Studying Food Safety Without Animal Testing: FWF Grant for Georg Busslinger

CeMM Adjunct PI Georg Busslinger.
© Bubu Dujmic / CeMM.
Georg Busslinger, Adjunct Principal Investigator at CeMM, has received a competitive grant from the Austrian Science Fund (FWF) to develop human organoid-based models for studying food-related host responses and food–drug interactions.
The project focuses on so-called human gastrointestinal organoids, miniature lab-grown models of the gut made from human cells. These organoids closely mimic the structure and function of the human digestive system and allow researchers to study how food additives, nutrients, and drugs interact with human tissue in ways that animal models cannot fully capture.
Using these models, the project will investigate how commonly used food additives affect gut cells, whether combinations of additives can have unexpected effects, and how substances derived from food influence the absorption of medicines, including chemotherapy drugs. The approach enables systematic testing directly in human tissue models, offering more relevant insights into human health while supporting animal-free research.

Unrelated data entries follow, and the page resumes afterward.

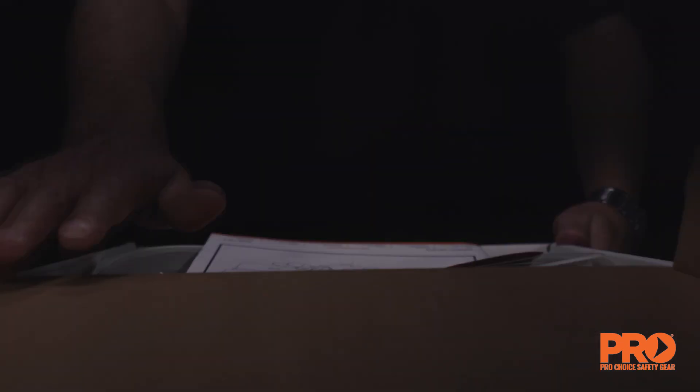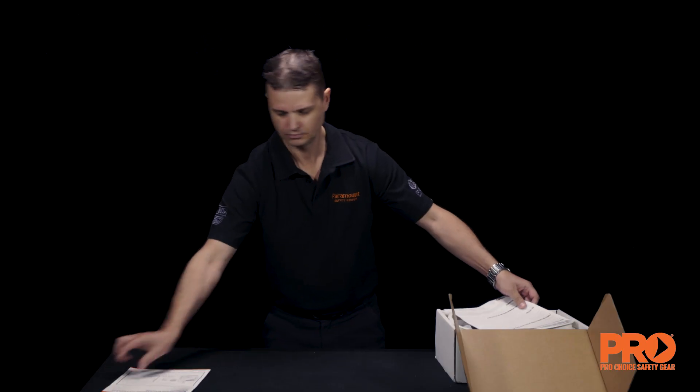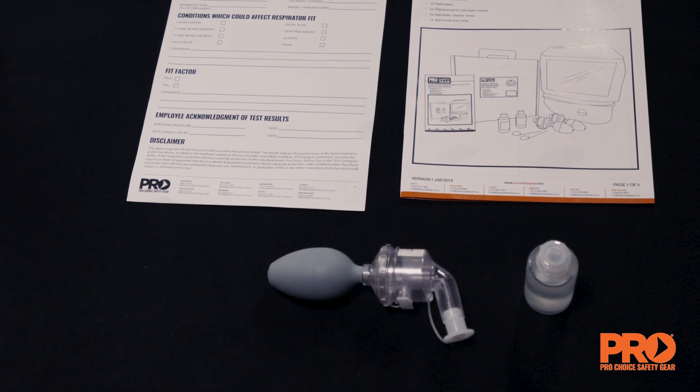Open the box and remove contents. Enclosed is an instruction manual plus a fit test record sheet. Ensure all the contents are included.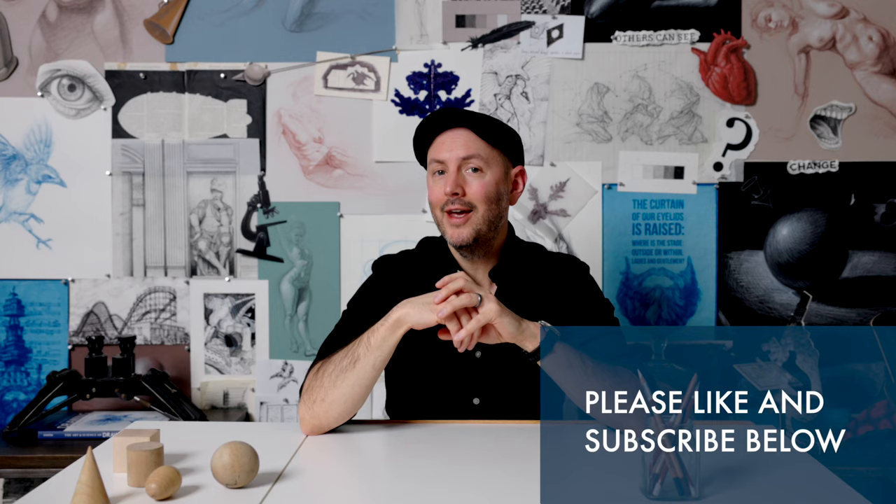There's a lot more to gesture drawing than what I've covered in this video, but hopefully this has given you a clear idea about what gesture drawing is and how to apply it in your own work. My goal with these videos is to provide high-quality drawing instruction to as many people as possible, so if you'd like to support me in this endeavor, please like and subscribe.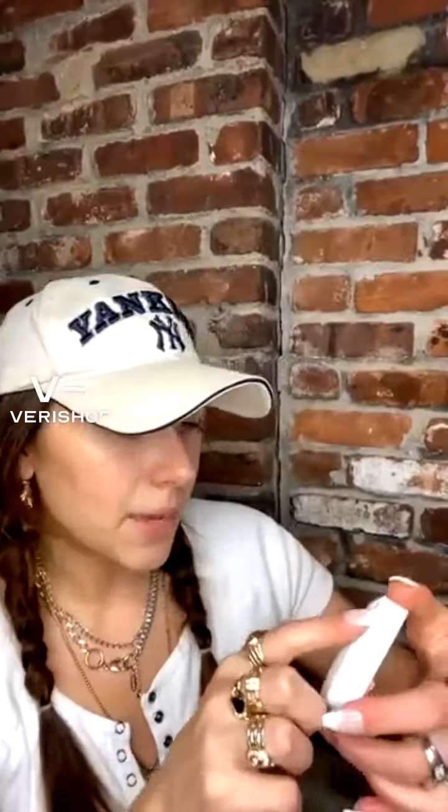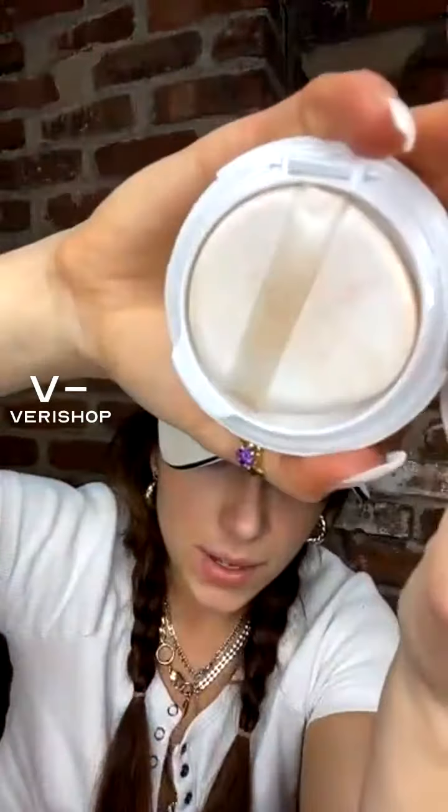This is what the packaging looks like — so chic. It opens up like this and you get a little mirror, and then you get this compact. Mine's a bit dirty because I haven't used it a lot. The sponge is kind of like a rubbery sponge, which I love because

Funded under the FWF’s 3R program (Replacement, Reduction, Refinement of animal experiments), the project contributes to CeMM’s efforts to advance innovative, human-centered biomedical research and to develop more predictive and ethical experimental systems.
***
Funding: This research was funded in whole or in part by the Austrian Science Fund (FWF) and the Federal Ministry of Women, Science and Research (BMFWF) 10.55776/PAT3042325.